Thank God for Angels:

Earlier that first morning I took the train from my motel into where I thought I was going, The San Jose Convention Center. There were three fellows on the train also going to the Robbins event, and one, who had registered the night before, knew what he was doing. “Follow me,” he said. “It isn’t the convention Center. It is the SAP, the Hockey Arena.”

The train didn’t go to the Hockey center. Our stop was at the convention Center.

Out came the cell phones as the three fellows searched for directions. “It is about a 20-minute walk to SAP,’ my first angel said. “Are you up for walking? “

“Sure, “ I said, backpack on my back, an easy carry. We were warned to bring jackets as the arena would be cold, and bring snacks and water as well, necessary to keep our energy up. Some days there would be no lunch break.  

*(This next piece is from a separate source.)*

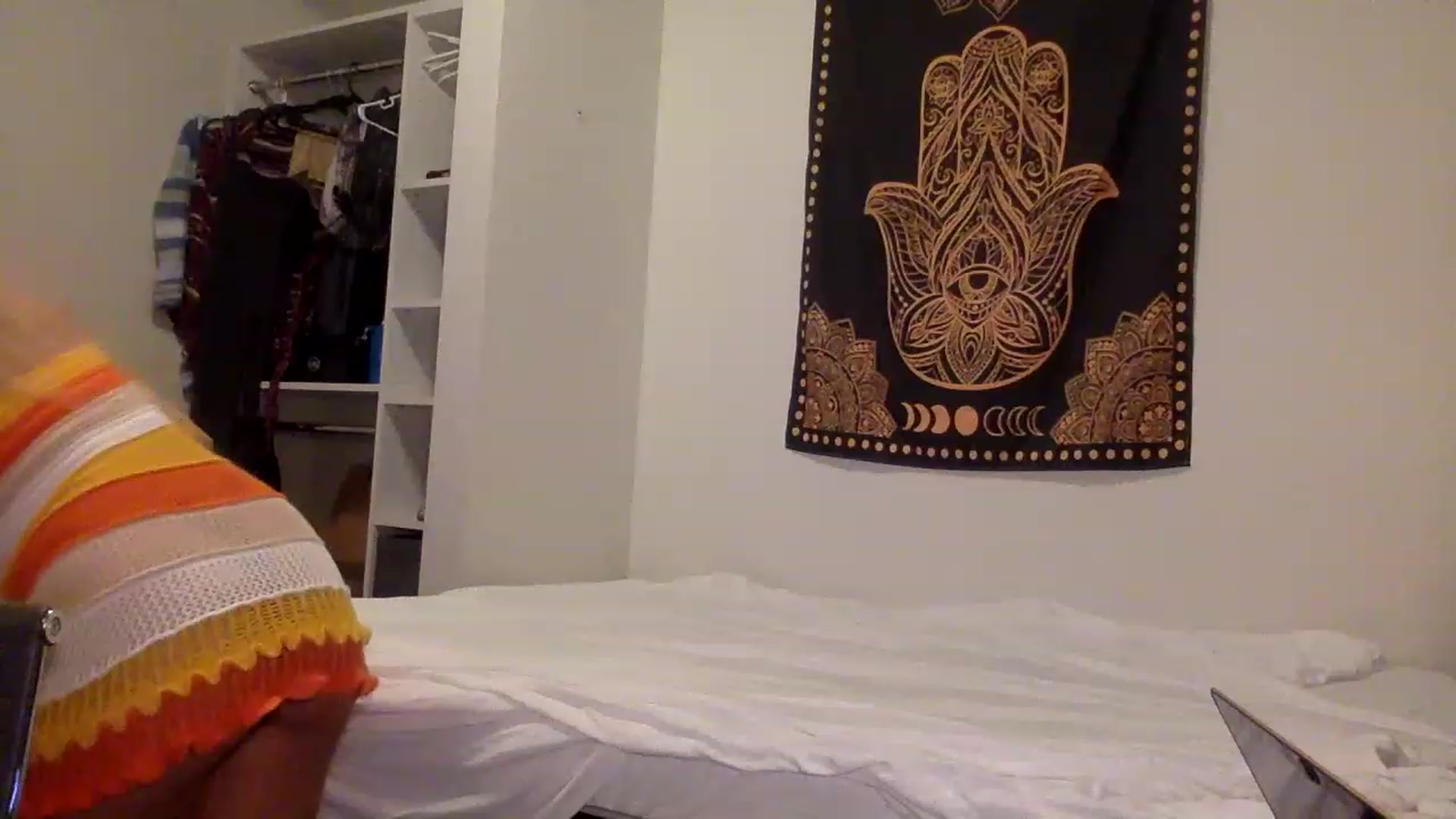 Gallery image thumbnail from sincerelypeny's myfreecams stream on, 06/15/2023, 07:03 image 12 of 20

And then at the end of the day—hey, I bet you thought I was going to give you the low-down on the event. Uh, uh, uh, first you must throw rocks at the hero.

You know we are the heroes of our own story…

Walking on hot coals is nothing compared with trying to find ground transportation in San Jose California at 2:30 A.M.

We got out of the event at around 2 in the morning, as the firewalk occurred around midnight. I wondered how I would be getting home, for I was not walking downtown to the train stop, besides the train had stopped running.

I figured taxis might be standing in line outside the arena, as they do at the airport.

Nope.

I had a UBER app. “No cars available.” it said.

Okay, I called a taxi.

At this time all 10,497 people of the 10,500 event participants had mysteriously blown away like Mary Poppins ‘competitors for the job as a nanny.

Three girls were sitting on the curb.

I was one.

A cab came. We three shared it.

“Take us to the closest stop first," we said. I do believe it was me, but the other girl said it was her, so I said ok. This was after the endless debate by the two girls on where they were going. One had two options, the other fussed with the driver telling him where to go, where to turn, although he had a GPS right before his eyes. The other girl hinted about staying with me, but I only had a queen bed, and I wanted to flop on it---alone.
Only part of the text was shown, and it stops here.